╭─ Data extract

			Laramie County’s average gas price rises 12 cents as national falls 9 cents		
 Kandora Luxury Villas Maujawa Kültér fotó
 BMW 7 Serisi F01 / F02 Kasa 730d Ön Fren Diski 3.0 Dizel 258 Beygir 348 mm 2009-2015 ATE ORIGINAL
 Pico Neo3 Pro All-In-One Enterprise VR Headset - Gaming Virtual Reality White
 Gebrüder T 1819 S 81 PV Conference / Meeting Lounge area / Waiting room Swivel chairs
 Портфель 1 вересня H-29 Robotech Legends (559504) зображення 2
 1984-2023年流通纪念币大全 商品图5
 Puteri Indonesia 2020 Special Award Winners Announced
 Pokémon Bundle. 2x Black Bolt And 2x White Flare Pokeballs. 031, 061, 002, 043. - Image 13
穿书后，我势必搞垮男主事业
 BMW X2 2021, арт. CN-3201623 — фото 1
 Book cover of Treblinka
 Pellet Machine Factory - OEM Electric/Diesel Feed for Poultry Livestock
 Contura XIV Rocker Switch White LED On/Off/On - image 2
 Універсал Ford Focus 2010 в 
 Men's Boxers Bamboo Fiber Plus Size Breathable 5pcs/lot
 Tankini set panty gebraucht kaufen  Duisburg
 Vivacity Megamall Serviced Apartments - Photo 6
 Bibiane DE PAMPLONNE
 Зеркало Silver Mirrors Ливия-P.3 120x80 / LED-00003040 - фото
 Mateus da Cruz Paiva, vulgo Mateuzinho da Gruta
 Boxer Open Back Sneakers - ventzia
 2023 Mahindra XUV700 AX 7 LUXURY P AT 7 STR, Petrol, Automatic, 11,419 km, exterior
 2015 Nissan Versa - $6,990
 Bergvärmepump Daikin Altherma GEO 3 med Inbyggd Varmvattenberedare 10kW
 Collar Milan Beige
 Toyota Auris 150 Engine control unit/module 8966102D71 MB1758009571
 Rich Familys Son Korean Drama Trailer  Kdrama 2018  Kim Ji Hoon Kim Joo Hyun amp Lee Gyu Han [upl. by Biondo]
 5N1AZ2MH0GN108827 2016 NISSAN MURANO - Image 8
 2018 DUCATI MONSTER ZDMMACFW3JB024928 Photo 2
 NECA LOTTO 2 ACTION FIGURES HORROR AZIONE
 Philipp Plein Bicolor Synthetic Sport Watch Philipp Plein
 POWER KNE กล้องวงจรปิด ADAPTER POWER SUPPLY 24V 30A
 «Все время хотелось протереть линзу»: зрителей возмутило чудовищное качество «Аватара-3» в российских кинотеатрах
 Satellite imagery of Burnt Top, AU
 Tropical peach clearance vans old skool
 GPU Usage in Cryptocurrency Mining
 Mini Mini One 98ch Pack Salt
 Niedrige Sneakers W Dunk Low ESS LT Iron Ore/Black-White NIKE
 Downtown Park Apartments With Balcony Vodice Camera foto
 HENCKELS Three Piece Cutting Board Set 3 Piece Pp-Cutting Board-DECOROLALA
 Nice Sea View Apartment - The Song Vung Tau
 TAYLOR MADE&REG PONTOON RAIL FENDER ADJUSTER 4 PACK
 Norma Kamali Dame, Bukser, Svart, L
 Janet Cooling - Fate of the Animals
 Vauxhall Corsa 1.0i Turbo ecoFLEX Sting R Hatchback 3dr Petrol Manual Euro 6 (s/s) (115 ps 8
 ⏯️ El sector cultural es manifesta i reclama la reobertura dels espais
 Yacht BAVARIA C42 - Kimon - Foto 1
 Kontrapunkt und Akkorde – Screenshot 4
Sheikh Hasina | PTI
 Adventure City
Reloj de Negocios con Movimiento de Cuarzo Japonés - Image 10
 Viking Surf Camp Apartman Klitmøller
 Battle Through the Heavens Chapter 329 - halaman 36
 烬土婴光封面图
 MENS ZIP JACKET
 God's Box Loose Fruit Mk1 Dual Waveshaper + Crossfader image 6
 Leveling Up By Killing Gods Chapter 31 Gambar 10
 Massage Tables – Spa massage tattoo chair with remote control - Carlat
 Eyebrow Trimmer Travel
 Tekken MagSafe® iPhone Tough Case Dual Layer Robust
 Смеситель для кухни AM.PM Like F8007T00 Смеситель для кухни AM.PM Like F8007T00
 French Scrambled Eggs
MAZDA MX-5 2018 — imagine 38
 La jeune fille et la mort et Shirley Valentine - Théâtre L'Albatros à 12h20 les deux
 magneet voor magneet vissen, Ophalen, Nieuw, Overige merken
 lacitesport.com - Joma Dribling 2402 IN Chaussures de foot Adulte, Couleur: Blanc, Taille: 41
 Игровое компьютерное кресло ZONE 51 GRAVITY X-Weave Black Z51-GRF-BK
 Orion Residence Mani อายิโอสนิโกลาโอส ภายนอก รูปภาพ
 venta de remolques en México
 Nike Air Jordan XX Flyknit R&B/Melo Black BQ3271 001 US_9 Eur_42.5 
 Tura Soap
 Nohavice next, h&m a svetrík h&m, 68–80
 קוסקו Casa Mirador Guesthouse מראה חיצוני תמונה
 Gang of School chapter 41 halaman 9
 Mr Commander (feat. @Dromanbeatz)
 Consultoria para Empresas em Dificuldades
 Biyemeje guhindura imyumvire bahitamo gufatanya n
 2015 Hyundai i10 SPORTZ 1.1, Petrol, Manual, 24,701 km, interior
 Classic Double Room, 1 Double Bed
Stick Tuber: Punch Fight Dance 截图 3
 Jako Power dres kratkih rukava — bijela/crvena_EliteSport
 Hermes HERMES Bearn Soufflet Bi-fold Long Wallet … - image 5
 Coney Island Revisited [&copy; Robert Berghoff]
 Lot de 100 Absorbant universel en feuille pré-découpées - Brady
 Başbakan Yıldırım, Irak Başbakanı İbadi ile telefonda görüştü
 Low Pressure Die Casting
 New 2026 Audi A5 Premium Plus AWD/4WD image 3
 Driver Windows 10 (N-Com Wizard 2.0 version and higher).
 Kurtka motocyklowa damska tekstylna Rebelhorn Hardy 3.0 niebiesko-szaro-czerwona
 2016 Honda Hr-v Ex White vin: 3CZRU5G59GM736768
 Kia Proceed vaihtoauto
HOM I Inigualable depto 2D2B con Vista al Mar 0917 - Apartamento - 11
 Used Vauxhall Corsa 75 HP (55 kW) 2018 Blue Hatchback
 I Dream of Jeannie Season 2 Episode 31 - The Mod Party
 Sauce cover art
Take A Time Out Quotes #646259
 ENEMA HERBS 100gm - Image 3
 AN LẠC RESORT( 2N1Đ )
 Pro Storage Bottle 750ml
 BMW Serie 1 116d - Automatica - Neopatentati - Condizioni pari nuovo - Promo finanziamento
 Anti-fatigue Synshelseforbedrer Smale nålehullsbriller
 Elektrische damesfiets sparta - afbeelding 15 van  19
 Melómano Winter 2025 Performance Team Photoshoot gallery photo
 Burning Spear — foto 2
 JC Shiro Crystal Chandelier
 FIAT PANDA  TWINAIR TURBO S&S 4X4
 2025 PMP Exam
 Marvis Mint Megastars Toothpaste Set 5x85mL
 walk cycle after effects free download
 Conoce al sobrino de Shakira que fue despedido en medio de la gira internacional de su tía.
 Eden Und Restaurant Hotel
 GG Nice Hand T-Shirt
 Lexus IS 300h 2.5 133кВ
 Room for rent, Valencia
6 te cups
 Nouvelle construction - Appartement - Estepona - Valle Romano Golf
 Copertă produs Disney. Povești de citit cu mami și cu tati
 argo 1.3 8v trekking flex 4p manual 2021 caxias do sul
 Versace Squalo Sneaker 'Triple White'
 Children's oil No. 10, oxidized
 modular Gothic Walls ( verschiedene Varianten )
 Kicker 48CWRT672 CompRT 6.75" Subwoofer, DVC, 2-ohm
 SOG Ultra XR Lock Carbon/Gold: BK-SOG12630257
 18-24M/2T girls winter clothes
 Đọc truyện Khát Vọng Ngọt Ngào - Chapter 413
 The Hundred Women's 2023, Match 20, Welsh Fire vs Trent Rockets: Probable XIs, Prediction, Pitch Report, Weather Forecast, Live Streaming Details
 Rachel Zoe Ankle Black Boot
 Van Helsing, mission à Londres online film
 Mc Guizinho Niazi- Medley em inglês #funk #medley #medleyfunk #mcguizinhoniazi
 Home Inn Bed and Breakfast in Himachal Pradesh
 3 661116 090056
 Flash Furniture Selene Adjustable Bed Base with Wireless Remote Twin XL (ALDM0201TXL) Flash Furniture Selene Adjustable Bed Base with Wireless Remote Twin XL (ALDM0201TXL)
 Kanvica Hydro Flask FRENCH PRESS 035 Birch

╰─

Lines that contain the string "Black" should be copied from the material above.

Reply to the exercise:
 Pokémon Bundle. 2x Black Bolt And 2x White Flare Pokeballs. 031, 061, 002, 043. - Image 13
 Niedrige Sneakers W Dunk Low ESS LT Iron Ore/Black-White NIKE
 Игровое компьютерное кресло ZONE 51 GRAVITY X-Weave Black Z51-GRF-BK
 Nike Air Jordan XX Flyknit R&B/Melo Black BQ3271 001 US_9 Eur_42.5 
 Rachel Zoe Ankle Black Boot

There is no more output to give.